If requests and limits are not set for all of the resources, across all containers, then the pod is classified as Best-Effort. These pods will be treated as lowest priority. Processes in these pods are the first to get killed if the system runs out of memory. These containers can use any amount of free memory in the node though.

The Meaning of Memory

What exactly does memory mean here? In a nutshell, it’s the total resident set size (RSS) and page cache usage of a container. In pure Docker, this figure would normally include swap, however K8s permanently disables swap on your behalf.

RSS is the amount of RAM used by a process at any given time. For a Java process, this can include several areas including the native heap/non-heap areas, thread stacks and native memory allocations. RSS is influenced by JVM thread configuration, thread counts and component behaviour.

The page cache is an area of RAM for caching blocks from disk. All I/O is normally performed through this cache, for performance reasons. Whenever your component reads from, or writes to, a file, you can expect the relevant blocks to be cached here. The more files you read or write, the greater the requirement.

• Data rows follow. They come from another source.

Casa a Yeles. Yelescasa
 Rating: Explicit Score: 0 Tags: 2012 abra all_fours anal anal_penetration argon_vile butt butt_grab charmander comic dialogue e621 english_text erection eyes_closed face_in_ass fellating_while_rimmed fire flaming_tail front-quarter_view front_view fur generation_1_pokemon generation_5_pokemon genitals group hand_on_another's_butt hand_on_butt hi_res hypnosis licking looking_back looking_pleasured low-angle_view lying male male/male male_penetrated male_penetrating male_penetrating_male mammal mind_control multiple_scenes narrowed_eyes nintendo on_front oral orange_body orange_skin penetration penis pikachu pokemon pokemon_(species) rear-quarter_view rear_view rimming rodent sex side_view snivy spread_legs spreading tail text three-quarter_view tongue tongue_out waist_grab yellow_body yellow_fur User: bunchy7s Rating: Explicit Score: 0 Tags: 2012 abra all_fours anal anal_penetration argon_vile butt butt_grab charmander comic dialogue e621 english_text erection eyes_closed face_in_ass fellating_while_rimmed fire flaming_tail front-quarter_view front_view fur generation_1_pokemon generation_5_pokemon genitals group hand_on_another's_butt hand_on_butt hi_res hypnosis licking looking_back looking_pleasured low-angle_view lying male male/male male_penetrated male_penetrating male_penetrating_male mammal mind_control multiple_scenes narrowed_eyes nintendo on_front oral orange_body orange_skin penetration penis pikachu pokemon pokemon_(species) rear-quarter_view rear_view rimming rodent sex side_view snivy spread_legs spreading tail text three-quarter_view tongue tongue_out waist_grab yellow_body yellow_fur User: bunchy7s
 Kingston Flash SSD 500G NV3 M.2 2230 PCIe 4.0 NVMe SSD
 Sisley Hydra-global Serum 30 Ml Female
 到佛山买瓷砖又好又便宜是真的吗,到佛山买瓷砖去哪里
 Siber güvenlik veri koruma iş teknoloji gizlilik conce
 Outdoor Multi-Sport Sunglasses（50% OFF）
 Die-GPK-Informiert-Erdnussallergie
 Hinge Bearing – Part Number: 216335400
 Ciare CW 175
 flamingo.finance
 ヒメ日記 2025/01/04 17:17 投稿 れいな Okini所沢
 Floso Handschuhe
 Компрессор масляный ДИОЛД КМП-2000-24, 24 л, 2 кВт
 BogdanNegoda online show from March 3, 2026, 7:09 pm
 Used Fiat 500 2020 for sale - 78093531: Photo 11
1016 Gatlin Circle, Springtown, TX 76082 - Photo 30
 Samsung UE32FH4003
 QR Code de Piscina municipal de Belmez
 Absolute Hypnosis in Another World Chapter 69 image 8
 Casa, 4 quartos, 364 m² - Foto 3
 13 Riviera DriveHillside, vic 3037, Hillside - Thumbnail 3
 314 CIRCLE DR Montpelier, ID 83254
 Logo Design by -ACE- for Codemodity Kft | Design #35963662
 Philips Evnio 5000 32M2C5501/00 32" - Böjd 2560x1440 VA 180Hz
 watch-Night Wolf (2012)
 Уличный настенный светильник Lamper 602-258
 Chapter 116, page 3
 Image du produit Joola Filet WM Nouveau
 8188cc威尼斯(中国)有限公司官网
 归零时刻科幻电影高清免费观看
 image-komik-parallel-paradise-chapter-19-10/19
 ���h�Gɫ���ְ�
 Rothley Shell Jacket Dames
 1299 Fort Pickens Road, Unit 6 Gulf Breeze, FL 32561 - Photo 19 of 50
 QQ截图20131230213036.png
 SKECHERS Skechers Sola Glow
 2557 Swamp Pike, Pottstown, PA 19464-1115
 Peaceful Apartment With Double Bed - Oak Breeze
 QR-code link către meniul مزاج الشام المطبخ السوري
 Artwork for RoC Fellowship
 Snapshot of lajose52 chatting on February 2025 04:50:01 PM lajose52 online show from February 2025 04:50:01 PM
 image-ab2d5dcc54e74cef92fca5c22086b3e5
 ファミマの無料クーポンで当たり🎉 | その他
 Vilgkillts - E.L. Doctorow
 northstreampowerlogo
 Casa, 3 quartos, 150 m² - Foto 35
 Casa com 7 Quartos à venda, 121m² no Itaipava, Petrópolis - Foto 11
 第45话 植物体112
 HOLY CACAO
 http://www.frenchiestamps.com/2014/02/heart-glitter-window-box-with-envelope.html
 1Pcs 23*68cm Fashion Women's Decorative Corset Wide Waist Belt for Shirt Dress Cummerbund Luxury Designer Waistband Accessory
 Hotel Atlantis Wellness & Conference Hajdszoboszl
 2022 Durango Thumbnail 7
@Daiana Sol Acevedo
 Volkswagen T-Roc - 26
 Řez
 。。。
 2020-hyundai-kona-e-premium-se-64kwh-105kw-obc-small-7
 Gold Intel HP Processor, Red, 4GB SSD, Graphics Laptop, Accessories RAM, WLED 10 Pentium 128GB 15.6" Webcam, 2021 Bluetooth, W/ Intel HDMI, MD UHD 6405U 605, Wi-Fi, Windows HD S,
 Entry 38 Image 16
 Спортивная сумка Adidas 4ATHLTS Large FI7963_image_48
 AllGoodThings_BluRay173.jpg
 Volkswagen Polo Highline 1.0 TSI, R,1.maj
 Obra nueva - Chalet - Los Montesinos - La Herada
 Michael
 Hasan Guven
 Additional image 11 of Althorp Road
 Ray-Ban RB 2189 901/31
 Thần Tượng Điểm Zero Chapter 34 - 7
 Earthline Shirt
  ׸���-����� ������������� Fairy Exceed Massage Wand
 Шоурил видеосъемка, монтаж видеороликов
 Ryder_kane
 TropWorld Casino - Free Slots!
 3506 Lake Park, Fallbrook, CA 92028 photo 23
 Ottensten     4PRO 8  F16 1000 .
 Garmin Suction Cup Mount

Note, the kernel will use available spare memory for the page cache but will reclaim it if it is needed elsewhere — this means the component’s performance may suffer if there isn’t sufficient space (depending on its reliance of the page cache for performance). There’s a potential gotcha here — Docker’s overlayfs storage driver enables page cache sharing, meaning multiple containers on the same node accessing the same file share the same page cache entries for that file (think indexes or other shared things). The Docker documentation states that:

Accounting for memory in the page cache is very complex. If two processes in different control groups both read the same file (ultimately relying on the same blocks on disk), the corresponding memory charge will be split between the control groups. It’s nice, but it also means that when a cgroup is terminated, it could increase the memory usage of another cgroup, because they are not splitting the cost anymore for those memory pages.

…so be aware that page cache usage per container may vary depending on what files might be shared with other containers running on the same node.

Memory requests and limits are measured in bytes, however you can specify a number of suffixes. JVM memory configuration is expressed using binary prefixes (e.g. Xmx1g is 1024³ bytes), so it makes sense to use the equivalent K8s suffix (Gi) as a basis for your container specification.


Memory Throttling?

Memory limits are considered non-compressible in K8s parlance, meaning it cannot be throttled. If your container experiences memory pressure, the kernel will aggressively drop page cache entries to satisfy demand and may eventually be killed by the Linux Out of Memory (OOM) Killer. Since K8s disables swap (by passingmemory-swappiness=0 to Docker), it’s quite an unforgiving environment for misconfiguration.

You should empirically determine your component’s memory requirements in order to create a good configuration; if your component depends on good page cache efficiency, allow appropriate overhead via your container’s resource requirements. Of course, things change and your component memory requirements will invariably follow suit — consider monitoring and alerting on memory statistics as part of your normal operations function.